▶ _PROMPT_
Using the material below, print a verbatim copy of every line from the one containing "Health | The Healthy" through the one containing "Baby Elephant Surprises Caretaker with a Hug", inclusive, and omit the pictures.

▶ _MATERIAL PROVIDED_
=====

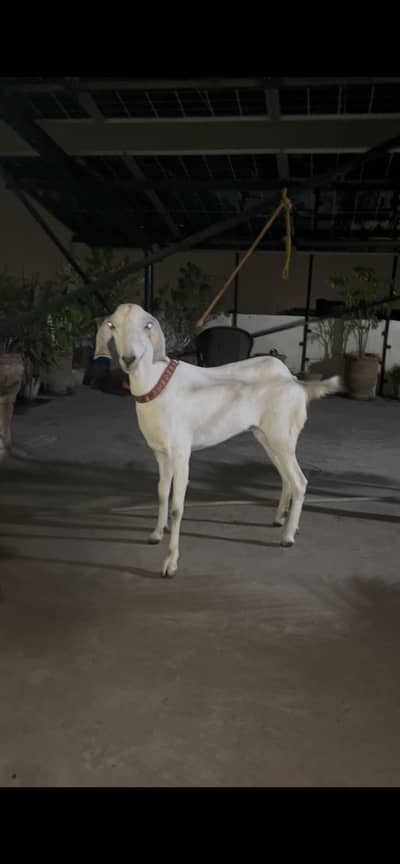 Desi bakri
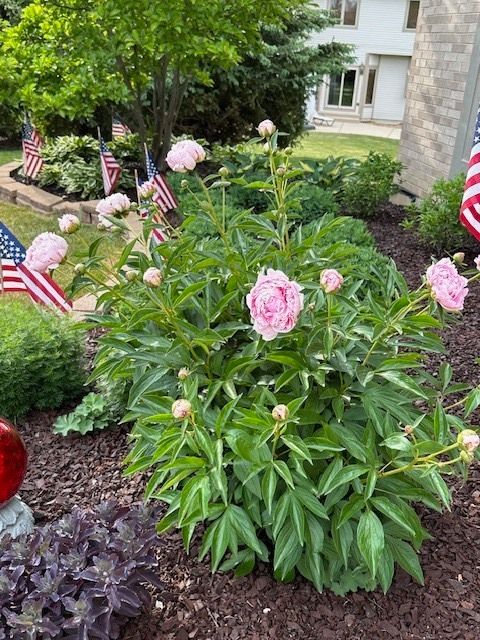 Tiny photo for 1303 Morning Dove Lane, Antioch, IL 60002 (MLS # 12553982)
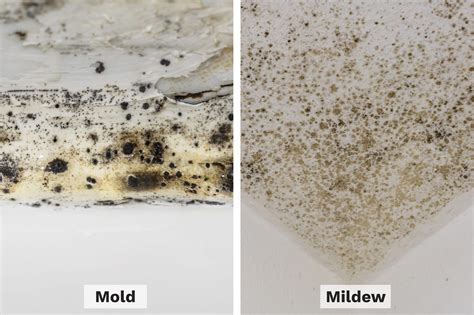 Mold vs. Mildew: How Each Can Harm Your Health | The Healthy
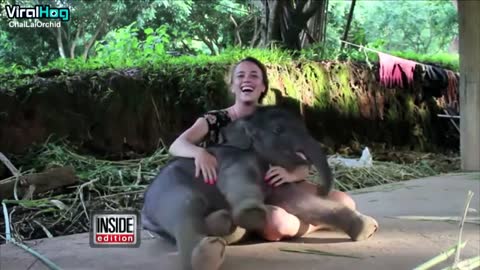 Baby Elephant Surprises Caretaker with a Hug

=====

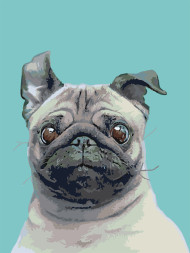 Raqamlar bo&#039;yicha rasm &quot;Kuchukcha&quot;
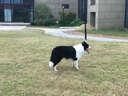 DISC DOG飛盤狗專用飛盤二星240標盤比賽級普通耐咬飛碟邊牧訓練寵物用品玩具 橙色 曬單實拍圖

=====

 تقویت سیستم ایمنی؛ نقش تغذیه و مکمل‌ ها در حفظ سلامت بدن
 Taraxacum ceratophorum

=====

▶ _RESPONSE AREA_
 Mold vs. Mildew: How Each Can Harm Your Health | The Healthy
 Baby Elephant Surprises Caretaker with a Hug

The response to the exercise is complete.